Short web captions

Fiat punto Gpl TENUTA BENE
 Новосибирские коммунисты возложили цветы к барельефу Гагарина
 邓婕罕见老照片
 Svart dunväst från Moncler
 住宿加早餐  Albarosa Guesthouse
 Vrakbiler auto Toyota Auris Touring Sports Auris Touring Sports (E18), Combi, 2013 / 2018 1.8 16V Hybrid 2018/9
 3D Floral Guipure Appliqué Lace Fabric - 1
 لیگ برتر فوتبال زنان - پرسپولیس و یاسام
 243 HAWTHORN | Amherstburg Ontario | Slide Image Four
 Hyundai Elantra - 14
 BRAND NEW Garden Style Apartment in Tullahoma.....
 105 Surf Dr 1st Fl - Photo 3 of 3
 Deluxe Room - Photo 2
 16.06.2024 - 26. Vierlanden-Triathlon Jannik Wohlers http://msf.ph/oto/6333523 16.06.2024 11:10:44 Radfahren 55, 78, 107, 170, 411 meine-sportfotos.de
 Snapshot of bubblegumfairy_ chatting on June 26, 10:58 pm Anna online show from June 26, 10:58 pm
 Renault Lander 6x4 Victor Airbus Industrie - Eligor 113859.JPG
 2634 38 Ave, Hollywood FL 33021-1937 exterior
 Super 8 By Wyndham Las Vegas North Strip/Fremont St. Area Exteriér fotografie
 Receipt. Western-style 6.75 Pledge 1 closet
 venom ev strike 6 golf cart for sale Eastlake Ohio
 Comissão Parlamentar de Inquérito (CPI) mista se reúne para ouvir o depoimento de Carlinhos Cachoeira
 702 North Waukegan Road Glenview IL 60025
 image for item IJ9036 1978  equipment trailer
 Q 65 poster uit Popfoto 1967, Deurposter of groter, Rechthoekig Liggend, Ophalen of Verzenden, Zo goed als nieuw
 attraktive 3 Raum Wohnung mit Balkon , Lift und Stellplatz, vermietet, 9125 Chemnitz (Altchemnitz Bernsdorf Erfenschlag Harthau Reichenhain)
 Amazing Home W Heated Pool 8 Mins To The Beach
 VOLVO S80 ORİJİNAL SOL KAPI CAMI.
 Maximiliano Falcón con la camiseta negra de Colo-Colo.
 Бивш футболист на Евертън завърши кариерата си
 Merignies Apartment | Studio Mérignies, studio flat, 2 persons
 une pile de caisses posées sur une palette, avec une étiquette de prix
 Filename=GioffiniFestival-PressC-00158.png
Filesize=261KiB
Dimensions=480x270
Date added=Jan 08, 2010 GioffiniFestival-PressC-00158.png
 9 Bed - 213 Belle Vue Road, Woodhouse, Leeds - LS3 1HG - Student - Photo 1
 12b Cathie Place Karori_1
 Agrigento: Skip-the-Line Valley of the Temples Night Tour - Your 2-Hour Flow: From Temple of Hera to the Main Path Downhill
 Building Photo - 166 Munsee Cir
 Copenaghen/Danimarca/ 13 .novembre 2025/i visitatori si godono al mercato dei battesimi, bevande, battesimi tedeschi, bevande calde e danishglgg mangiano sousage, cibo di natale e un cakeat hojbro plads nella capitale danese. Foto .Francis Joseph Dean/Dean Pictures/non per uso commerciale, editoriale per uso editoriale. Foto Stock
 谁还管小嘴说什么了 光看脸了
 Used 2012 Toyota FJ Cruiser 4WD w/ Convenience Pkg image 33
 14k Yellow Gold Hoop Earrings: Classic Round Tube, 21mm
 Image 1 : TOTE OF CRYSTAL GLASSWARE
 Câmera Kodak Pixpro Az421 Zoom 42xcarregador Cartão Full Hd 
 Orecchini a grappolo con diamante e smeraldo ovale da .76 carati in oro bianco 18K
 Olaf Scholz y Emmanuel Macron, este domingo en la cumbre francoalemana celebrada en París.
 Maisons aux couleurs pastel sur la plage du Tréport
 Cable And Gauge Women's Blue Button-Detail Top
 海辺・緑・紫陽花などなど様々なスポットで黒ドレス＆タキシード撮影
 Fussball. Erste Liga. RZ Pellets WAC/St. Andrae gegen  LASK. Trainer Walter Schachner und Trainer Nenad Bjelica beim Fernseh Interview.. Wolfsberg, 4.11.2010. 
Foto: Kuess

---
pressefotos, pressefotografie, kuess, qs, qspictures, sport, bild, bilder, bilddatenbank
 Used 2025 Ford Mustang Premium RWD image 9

REQUIRED ACTION:
Each line from the one with "Fussball. Erste Liga." through the end of the entries above must be set down exactly, both end lines included, and no other line may appear.

SOLUTION BELOW:
 Fussball. Erste Liga. RZ Pellets WAC/St. Andrae gegen  LASK. Trainer Walter Schachner und Trainer Nenad Bjelica beim Fernseh Interview.. Wolfsberg, 4.11.2010. 
Foto: Kuess

---
pressefotos, pressefotografie, kuess, qs, qspictures, sport, bild, bilder, bilddatenbank
 Used 2025 Ford Mustang Premium RWD image 9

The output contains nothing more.